И как удобно, владея классовой идеологией, выворачивать всё происходящее. Кто-то устраивает «бывших» и интеллигентов на придурочьи посты? — значит тем самым он "посылает на самую тяжёлую работу лагерников из среды трудящихся". Если в каптёрке работает бывший офицер, и обмундирования не хватает — значит, он "сознательно отказывает". Если кто-то сказал рекордистам: "остальные за вами не угонятся" — значит, он классовый враг! Если вор напился, или бежал или украл, — разъясняют ему, что это не он виноват, что это классовый враг его напоил, или подучил бежать, или подучил украсть (интеллигент подучил вора украсть! — это совершенно серьёзно пишется в 1936 году). А если сам "чуждый элемент даёт хорошие производственные показатели" — это он "делает в целях маскировки"!

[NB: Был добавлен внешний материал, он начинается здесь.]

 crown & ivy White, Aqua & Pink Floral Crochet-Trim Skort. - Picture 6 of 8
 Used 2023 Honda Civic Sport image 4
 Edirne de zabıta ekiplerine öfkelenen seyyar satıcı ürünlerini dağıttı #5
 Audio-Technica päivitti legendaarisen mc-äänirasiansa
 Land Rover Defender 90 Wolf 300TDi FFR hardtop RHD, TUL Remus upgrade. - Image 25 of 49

Круг замкнут! Работай или не работай, люби нас или не люби — мы тебя ненавидим и воровскими руками уничтожим!
И вздыхает Пётр Николаевич Птицын (посидевший по 58-й): "А ведь настоящие преступники не способны к подлинному труду. Именно неповинный человек отдаёт себя полностью, до последнего вздоха. Вот драма: враг народа — друг народа."

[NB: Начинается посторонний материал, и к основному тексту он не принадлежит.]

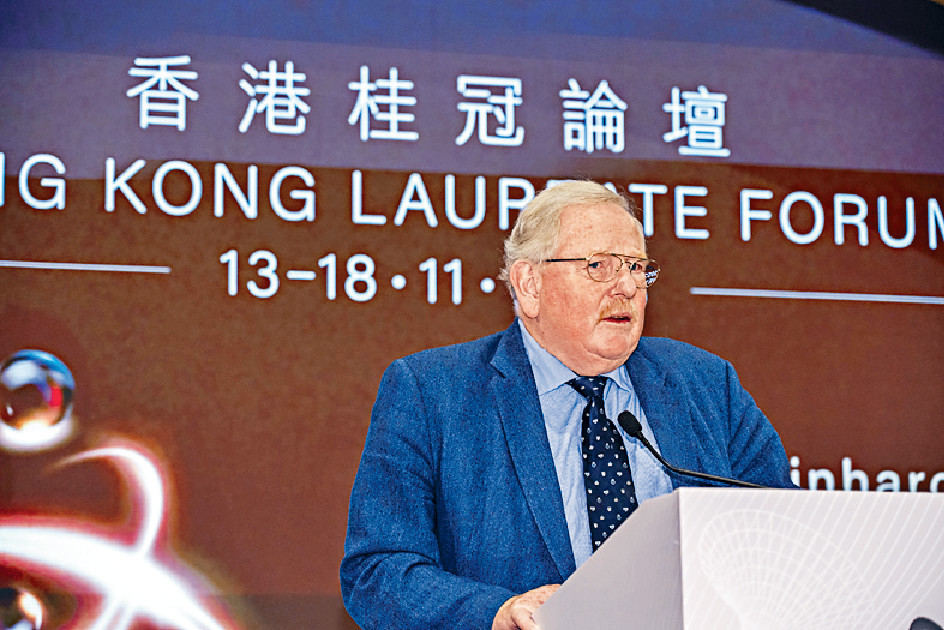 萊因哈德•根舍教授在首屆香港桂冠論壇上,分享他在科學探索的歷程。 萊因哈德•根舍教授在首屆香港桂冠論壇上,分享他在科學探索的歷程。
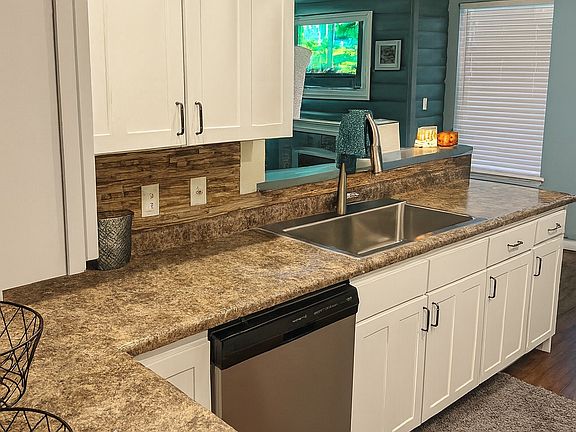 4th image of 3216 Silverbell Dr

Но — не угодна жертва твоя.
"Неповинный человек"! — вот главное ощущение того эрзаца политических, который нагнали в лагеря. Вероятно это небывалое событие в мировой истории тюрем: когда миллионы арестантов сознают, что они — правы, все правы и никто не виновен. (С Достоевским сидел на каторге один невинный!)
Однако эти толпы случайных людей, согнанные за проволоку не по закономерности убеждений, а швырком судьбы, отнюдь не укреплялись сознанием своей правоты — но, может быть, гуще угнетало их нелепостью положения. Больше держась за свой прежний быт, чем за какие-либо убеждения, они отнюдь не проявляли готовности к жертве, ни единства, ни боевого духа. Они ещё в тюрьмах целыми камерами доставались на расправу двум-трём сопливым блатным. Они в лагерях уже вовсе были подорваны, они готовы были только гнуться под палкой нарядчика и блатного, под кулаком бригадира, они оставались способны только усвоить лагерную философию (разъединённость, каждый за себя и взаимный обман) и лагерный язык.

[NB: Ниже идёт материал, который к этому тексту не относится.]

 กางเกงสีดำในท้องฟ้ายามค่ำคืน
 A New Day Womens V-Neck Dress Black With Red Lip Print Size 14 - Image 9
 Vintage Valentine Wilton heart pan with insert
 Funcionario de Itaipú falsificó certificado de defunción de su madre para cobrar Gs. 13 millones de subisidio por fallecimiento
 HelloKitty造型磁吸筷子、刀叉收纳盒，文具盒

Попав в общий лагерь в 1938, с удивлением смотрела Е. Олицкая глазами социалистки, знавшей Соловки и изоляторы, на эту Пятьдесят Восьмую. Когда-то, на её памяти, политические всем делились, а сейчас каждый жил и жевал за себя, и даже «политические» торговали вещами и пайками!..
Политическая шпана — вот как назвала их (нас) Анна Скрипникова. Ей самой ещё в 1925 достался этот урок: она пожаловалась следователю, что её однокамерниц начальник Лубянки таскает за волосы. Следователь рассмеялся и спросил: "А вас тоже таскает?" — "Нет, но моих товарищей!" И тогда он внушительно воскликнул: "Ах, как страшно, что вы протестуете! Оставьте эти русские интеллигентские никчемные замашки! Они устарели! Заботьтесь только о себе! — иначе вам плохо придётся."